The NBA's current CBA runs out at the end of June. While Stern acknowledged he may be combining reality with hope, yesterday he went so far as to say he thinks there will be a new deal by the end of the season.

The NBA went through a seven-month lockout in late 1998 and early 1999 before an agreement was reached. A 50-game regular season followed.

"It has taken us a few years to recover from the last lockout, and I would hate to think how people would react this time around on the heels of what's happening in ice hockey," Hunter said. "I'm also always mindful of the fact the NBA is perceived as a black product, so I have to be sensitive of that. All that goes into the equation when I'm trying to negotiate a deal."

A group of about 15 players and owners -- including Raptors part-owner Larry Tanenbaum -- held a low-key meeting in Denver earlier in the day.

Yesterday morning, also in Denver, the players' association held its own meeting. Raptors rookie Matt Bonner, who is the team's union representative, was among those in attendance.

"We're fairly optimistic about things," Bonner said. "That was the general tone."

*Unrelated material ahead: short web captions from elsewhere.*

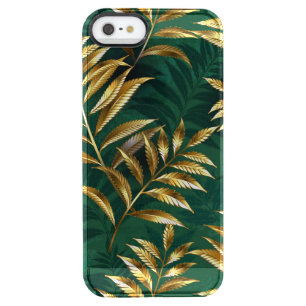 Seamless pattern with golden ferns clear iPhone SE/5/5s case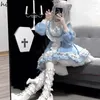 Casual klänningar gotiska för kvinnor japanska söta saia lolita stil o-hals ruffles kawaii jupe lapptäcke spetsmodeklänning vestido femme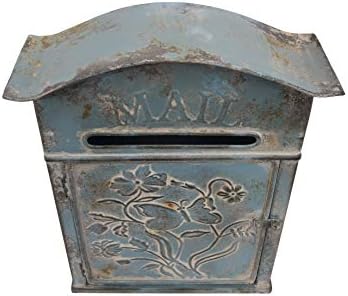 Creative Co-Op Distressed Blue Embossed Tin Mail Box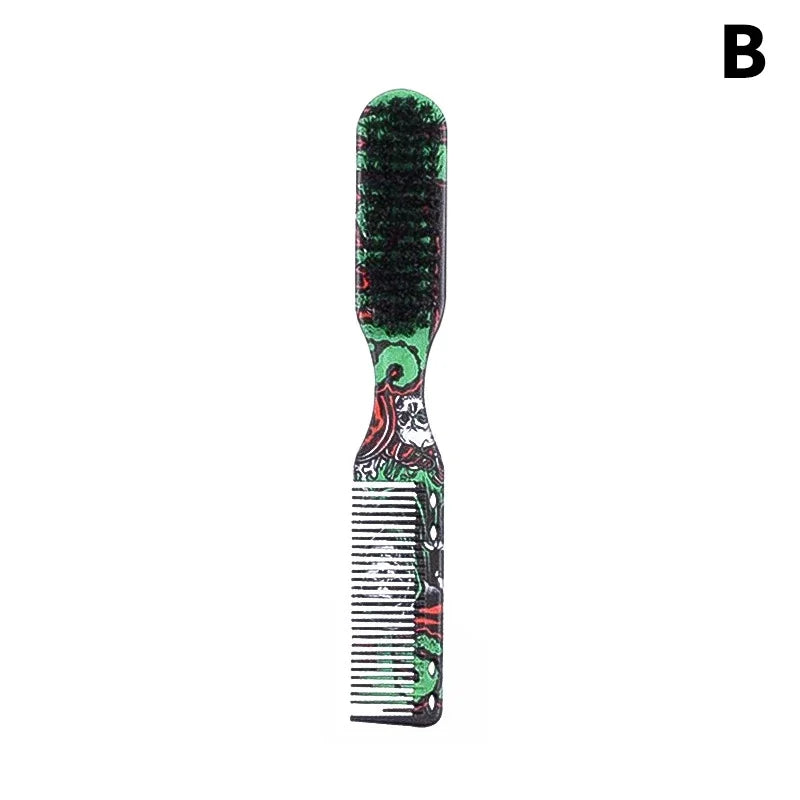 Double-sided Professional Barber Neck Dusting Horse Hair Brushes Oil Head Brush Face Mustache Salon Cleaning Hair Cutting Comb Qme B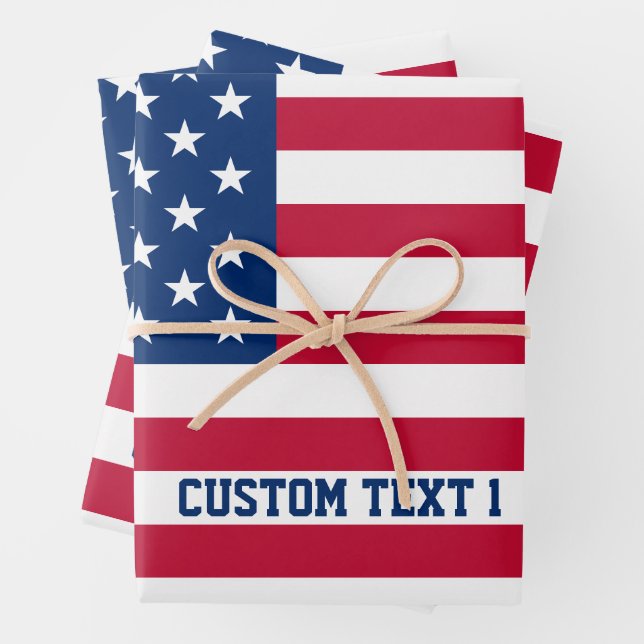 Personalised USA Flag Stars and Stripes Wrapping Paper Sheet (In situ)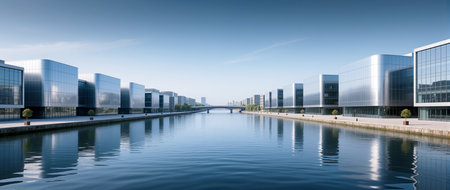 Tall, sleek buildings line a calm river under a clear blue sky, creating a peaceful scene.の素材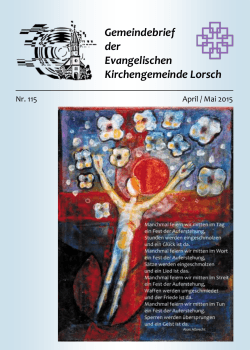 Gemeindebrief April/Mai 2015 - Evangelische Kirchengemeinde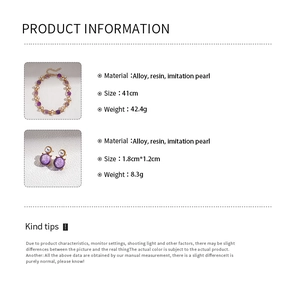 Detailed size specifications for alloy resin pearl necklace and matching earrings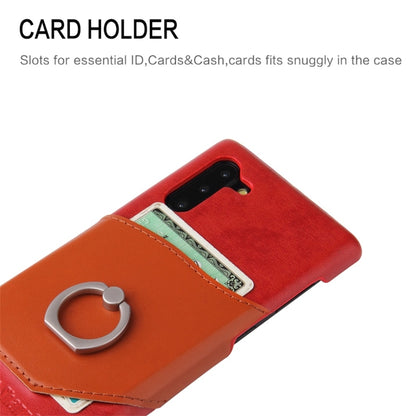 Fierre Shann Oil Wax Texture Genuine Leather Back Cover Case with 360 Degree Rotation Holder & Card Slot for Galaxy Note 10(Red) - Galaxy Phone Cases by FIERRE SHANN | Online Shopping UK | buy2fix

NBA owners are looking for a reduction in the maximum length of player contracts and an age minimum of 20 years for entry in the league (Stern remains convinced an age limit could be upheld legally). The union wants to see reductions in the escrow and luxury taxes that are designed to slow down salary increases for players.

"Everything is an economic issue, and I mean that sincerely," said Stern, stating a great truth.

Among the other items addressed yesterday:

- Stern said that while NBA revenues are up overall, operationally the league loses money and half the teams are in the red. However, in terms of those individual teams, Stern said he understands the difference between voluntary expenses and involuntary expenses.

- While Stern is not overly concerned that steroids -- the plague of baseball -- are a major problem in basketball, it would be "prudent" for the NBA to "eliminate that even as a question." How to achieve that will be up for discussion in collective bargaining.

- No major rule changes, or possibly no changes at all, are expected for next season.

All things considered, Stern described the state of the NBA as "pretty good." Not great, not horrible, but "pretty good."

Both Stern and Hunter realize, however, that the slope from pretty good to pretty bad is as slippery as a hockey rink.